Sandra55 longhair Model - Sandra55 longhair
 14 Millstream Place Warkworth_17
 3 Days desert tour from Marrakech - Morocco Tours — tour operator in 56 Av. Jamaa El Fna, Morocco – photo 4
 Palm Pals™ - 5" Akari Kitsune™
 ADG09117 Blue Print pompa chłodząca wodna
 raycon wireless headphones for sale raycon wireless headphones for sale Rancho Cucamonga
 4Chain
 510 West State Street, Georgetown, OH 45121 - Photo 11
---+---
Assignment: Copy out the full listing, exactly as it stands.

Answer to this task:
Sandra55 longhair Model - Sandra55 longhair
 14 Millstream Place Warkworth_17
 3 Days desert tour from Marrakech - Morocco Tours — tour operator in 56 Av. Jamaa El Fna, Morocco – photo 4
 Palm Pals™ - 5" Akari Kitsune™
 ADG09117 Blue Print pompa chłodząca wodna
 raycon wireless headphones for sale raycon wireless headphones for sale Rancho Cucamonga
 4Chain
 510 West State Street, Georgetown, OH 45121 - Photo 11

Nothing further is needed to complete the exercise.